■ INPUT MATERIAL ■
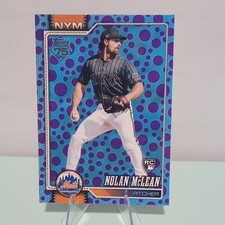 Topps 2026 Series 1 Nolan McLean Rookie Purple Blue Polka Dots #214 Mets
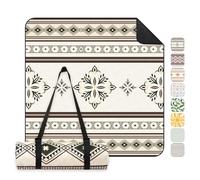 Sekey Couverture de Pique-Nique 200x200 cm Nappe de Pique-Nique Imperméable Antisable Rembourrée Trois Couches Fond PEVA Ceinture de Portage pour Pique-Nique, Camping, Plage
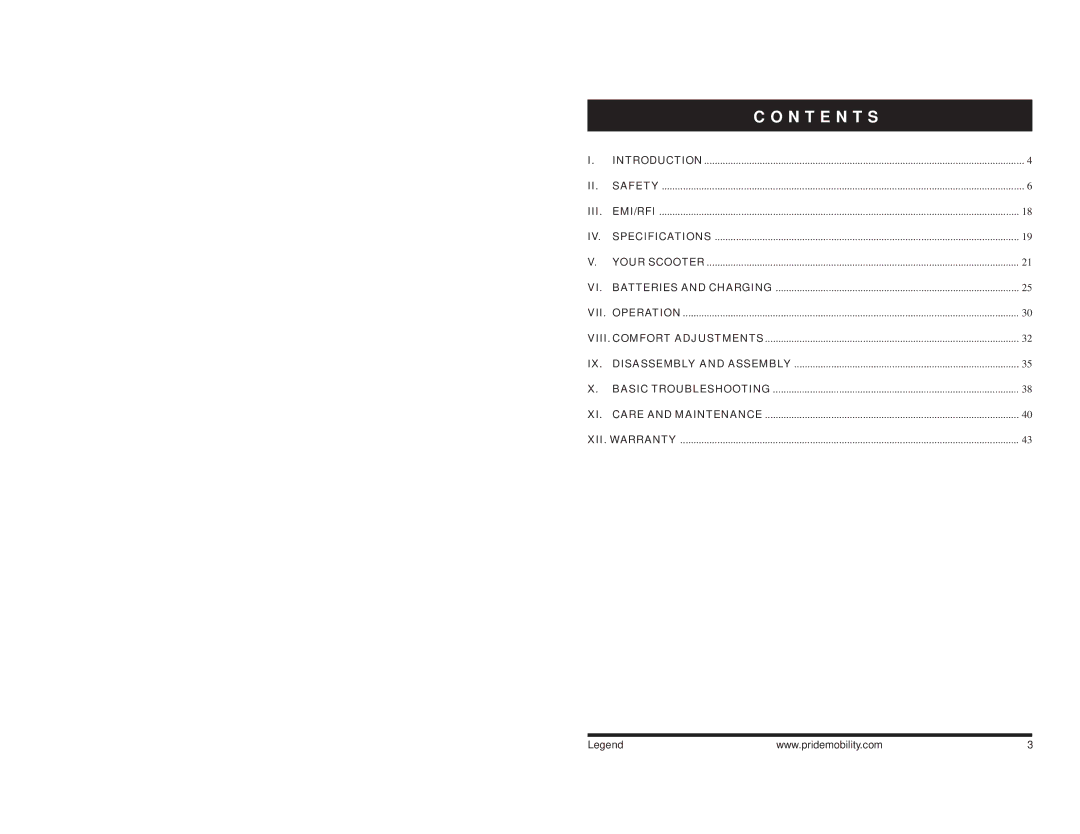 Pride Mobility Legend 4, Legend 3 manual N T E N T S 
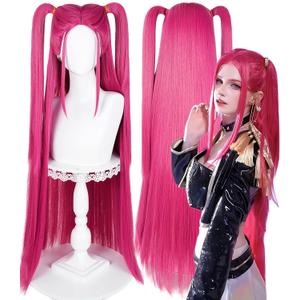 LABEAUT Rose Red Cosplay Wig for Women, Girls High Temp Synthetic Fiber Wig for Cosplay Synthetic Hair Halloween Costume Party Hair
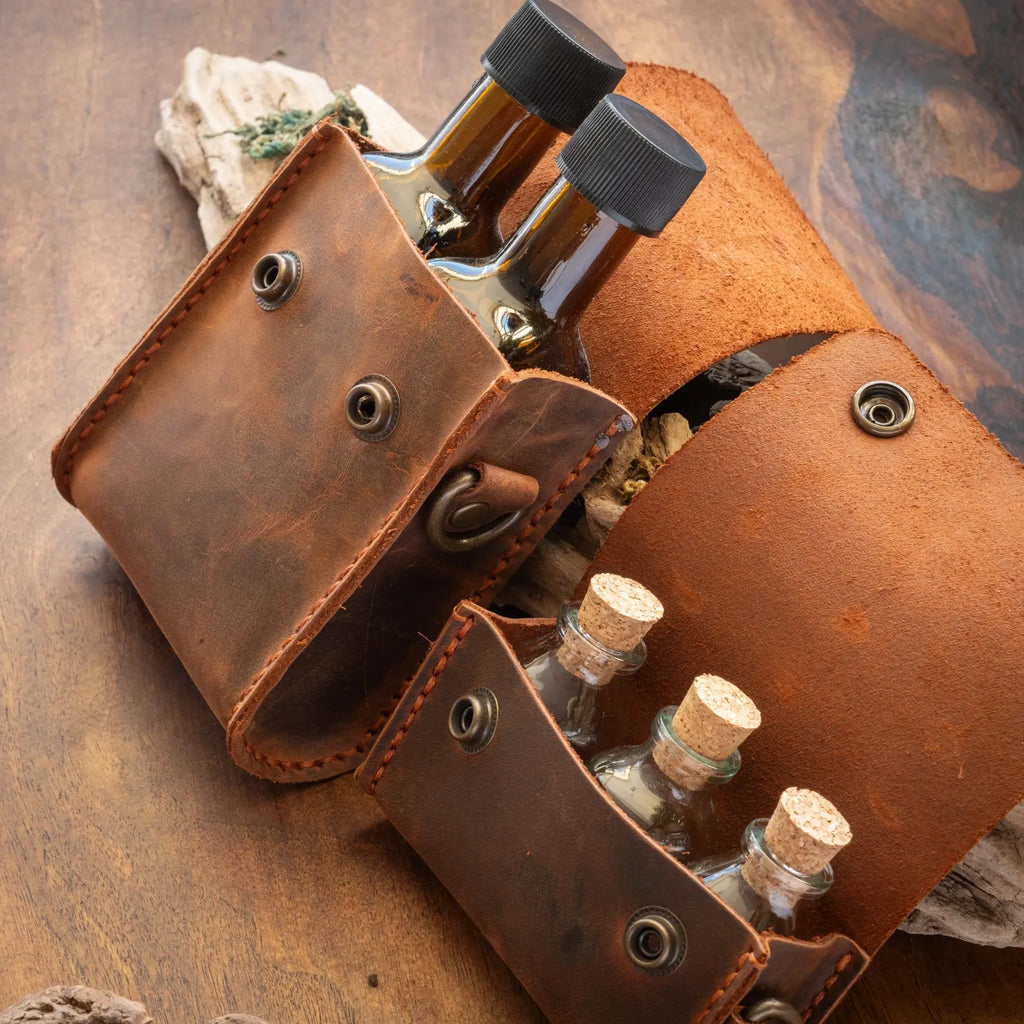 Handgemachte Leder Camping Tasche - Rustikaler Gewürzorganizer mit Gläsern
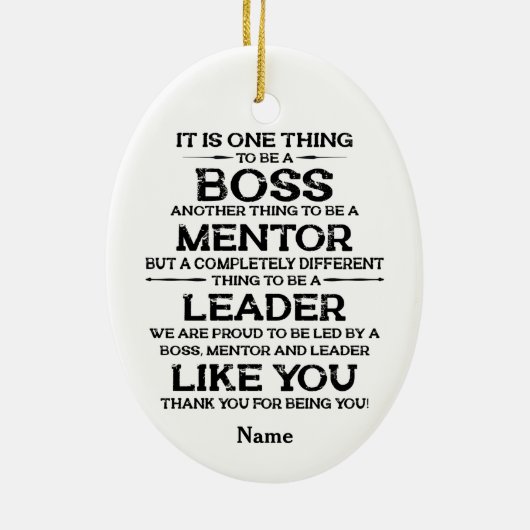 Eén ding om baas te zijn | mentor | Citaat Leader Keramisch Ornament (Achterkant)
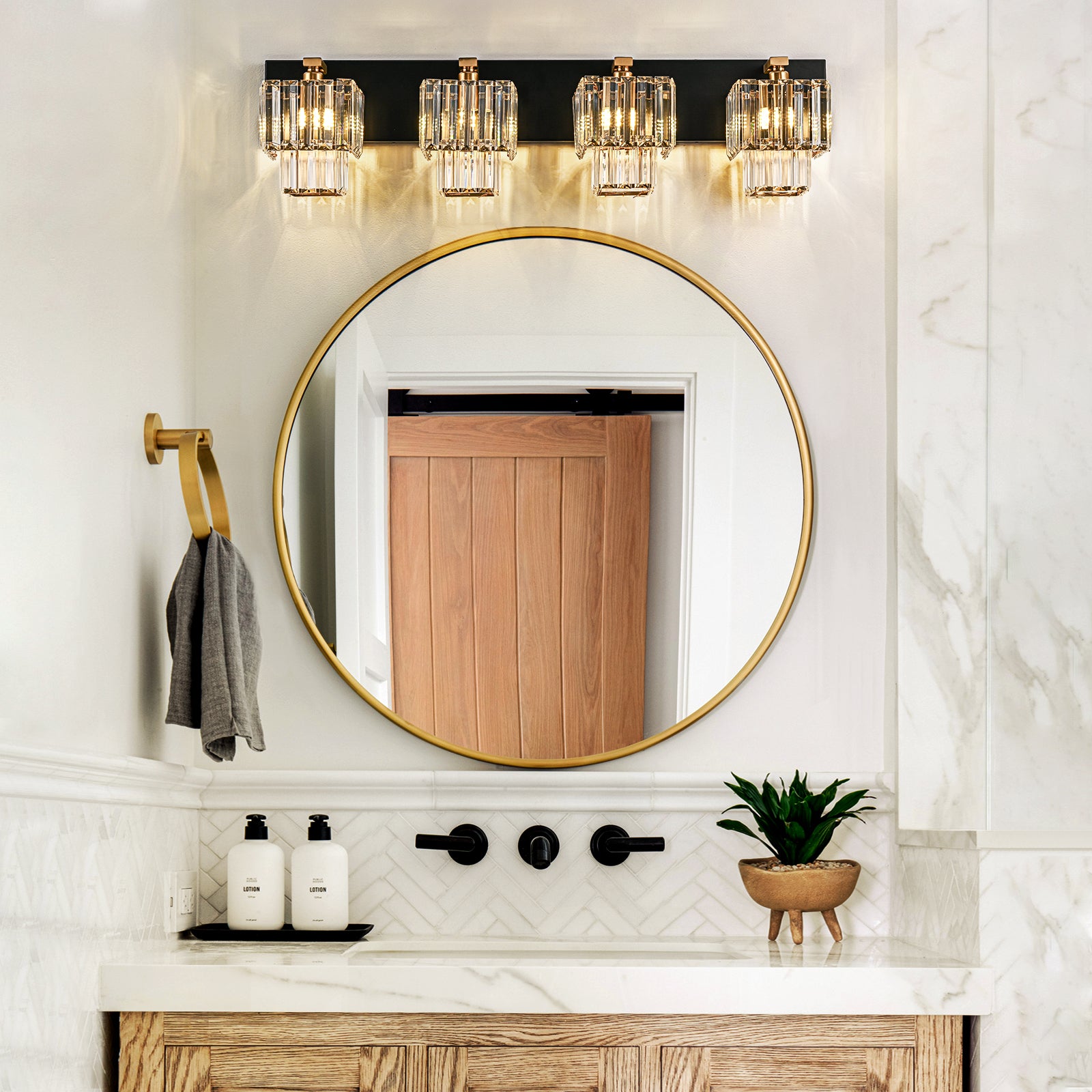 Glowlings 4/5-Light Modern Dimmable 2-Tier Crystal Bathroom Vanity Light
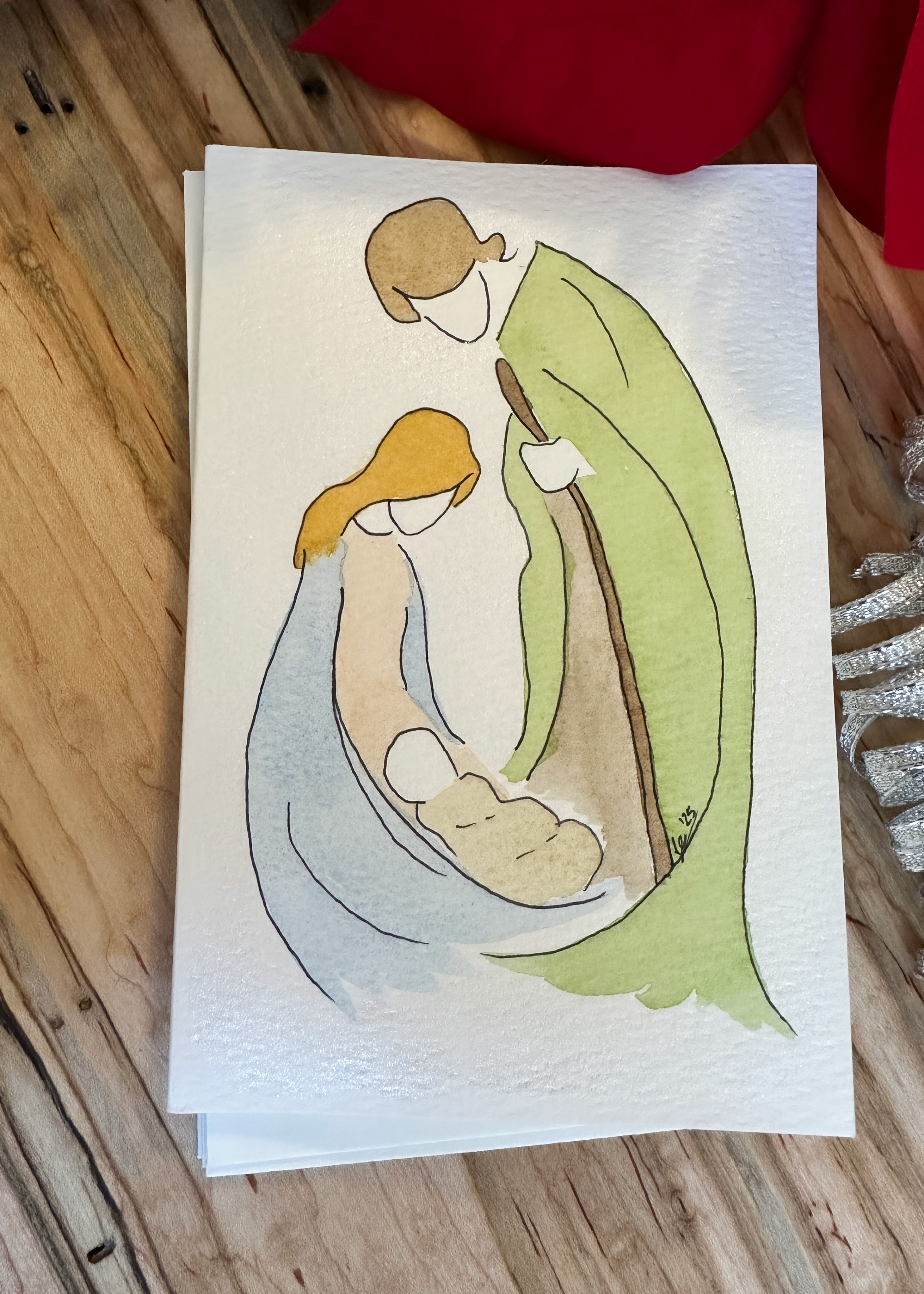 Hand-Painted Christmas Card Set - Watercolor Nativity Scene with Mary, Joseph, and Baby Jesus, Set of 4 Originals with Envelopes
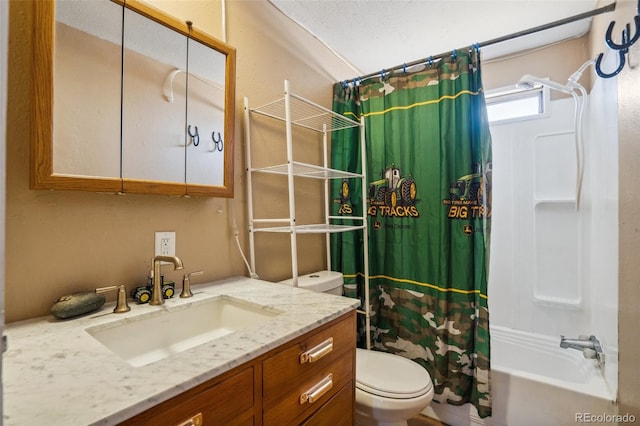 6670 Indian Village Hts, Fountain, CO 80817 - bathroom featuring toilet, vanity, and shower / bathtub combination with curtain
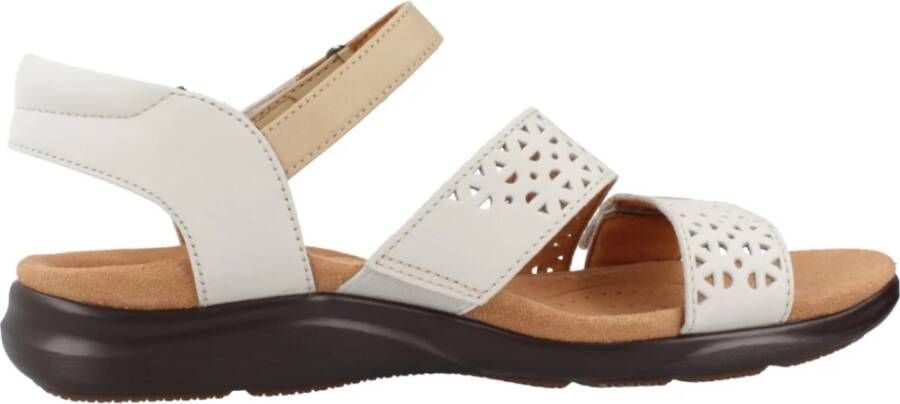 Clarks Flat Sandals White Dames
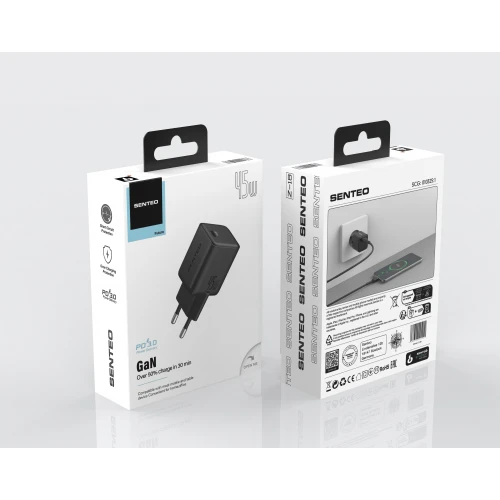 МЗП 1Port SENTEO Z-18 USB-C 3A GaN PD 45W (CE Сертификат)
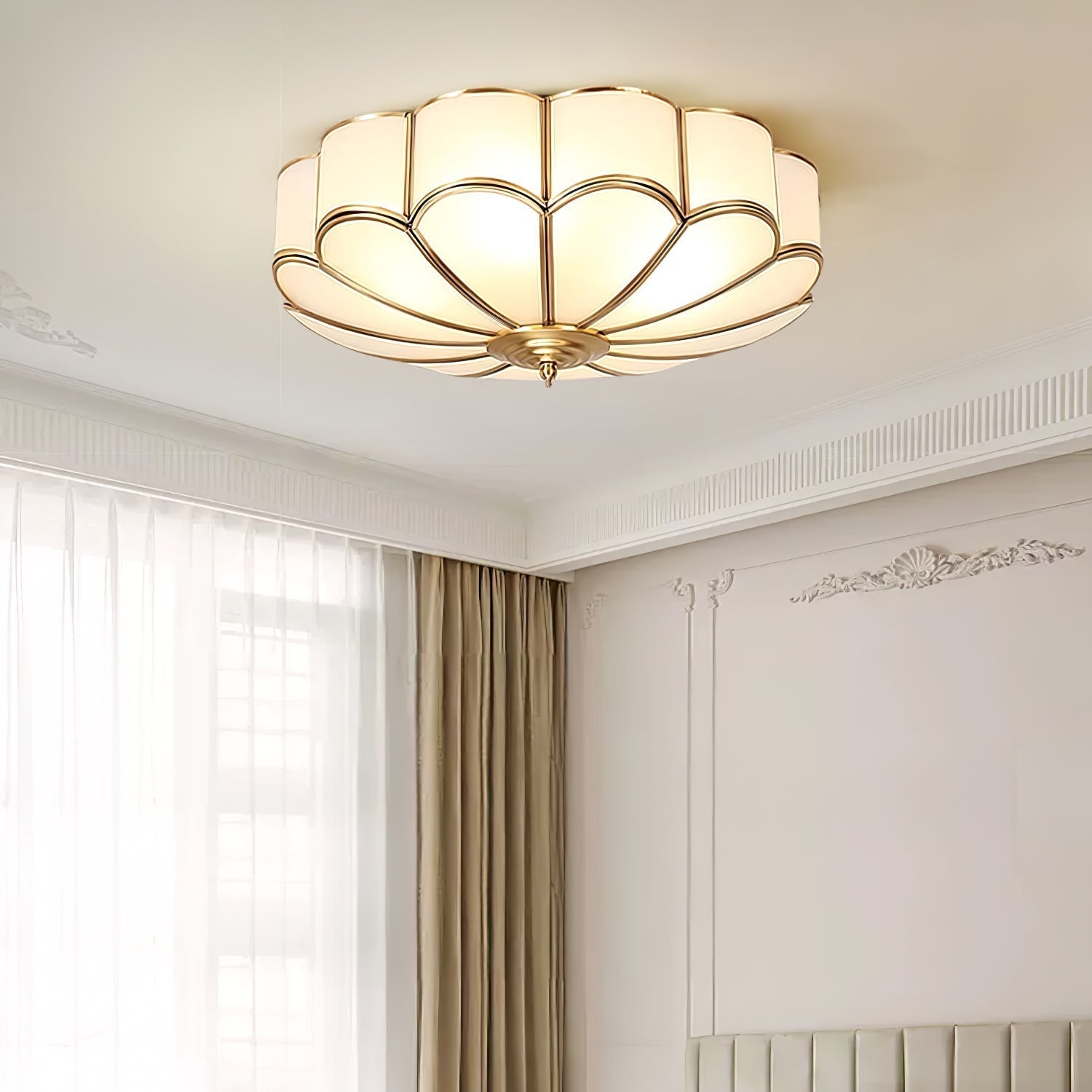 Freyza | Plafonnier affleurant en laiton et verre – Chambre, couloir, cuisine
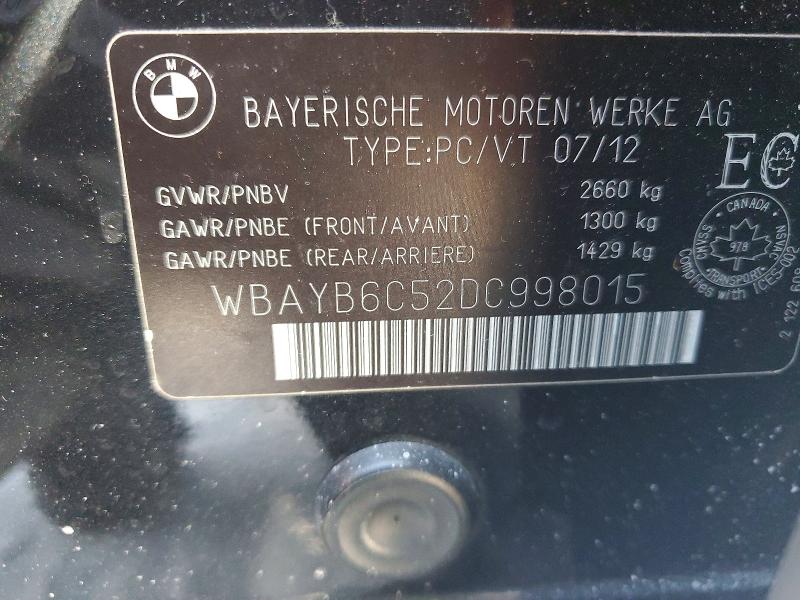 2013 Bmw 750 მანქანა იყიდება აუქციონზე, vin: WBAYB6C52DC998015, აუქციონის ნომერი: 78492435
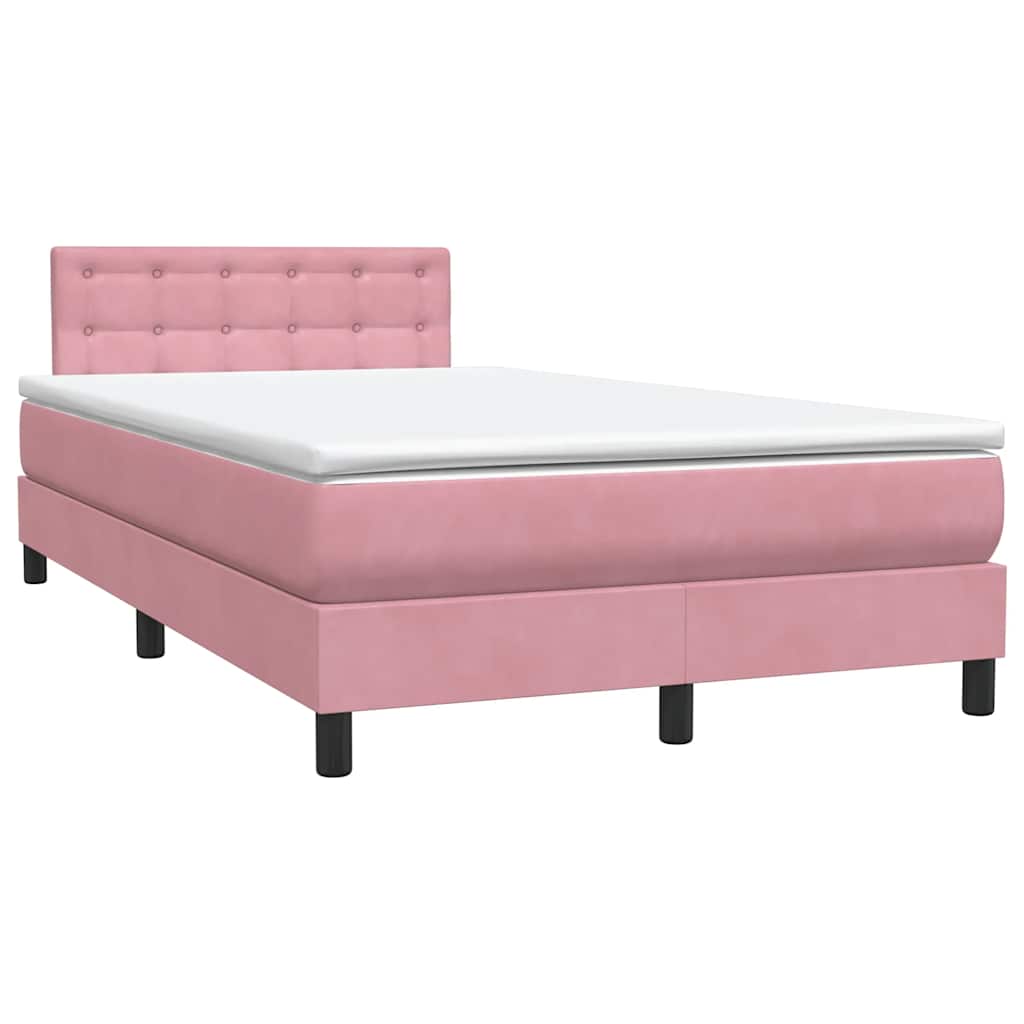 Boxspring met matras en LED fluweel roze 120x210 cm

■ WHAT IS EXPECTED ■
Your reply should consist only of the lines running from the line with "Handgemachte Leder Camping" to the end of the entries, both included, copied exactly and without any pictures.

■ SOLUTION TO THE EXERCISE ■
 Handgemachte Leder Camping Tasche - Rustikaler Gewürzorganizer mit Gläsern
 Eén ding om baas te zijn | mentor | Citaat Leader Keramisch Ornament (Achterkant)
 Glowlings 4/5-Light Modern Dimmable 2-Tier Crystal Bathroom Vanity Light
 Hand-Painted Christmas Card Set - Watercolor Nativity Scene with Mary, Joseph, and Baby Jesus, Set of 4 Originals with Envelopes
 6670 Indian Village Hts, Fountain, CO 80817 - bathroom featuring toilet, vanity, and shower / bathtub combination with curtain
 Clarks Flat Sandals White Dames
 МЗП 1Port SENTEO Z-18 USB-C 3A GaN PD 45W (CE Сертификат)
 Freyza | Plafonnier affleurant en laiton et verre – Chambre, couloir, cuisine
 2013 Bmw 750 მანქანა იყიდება აუქციონზე, vin: WBAYB6C52DC998015, აუქციონის ნომერი: 78492435
 Boxspring met matras en LED fluweel roze 120x210 cm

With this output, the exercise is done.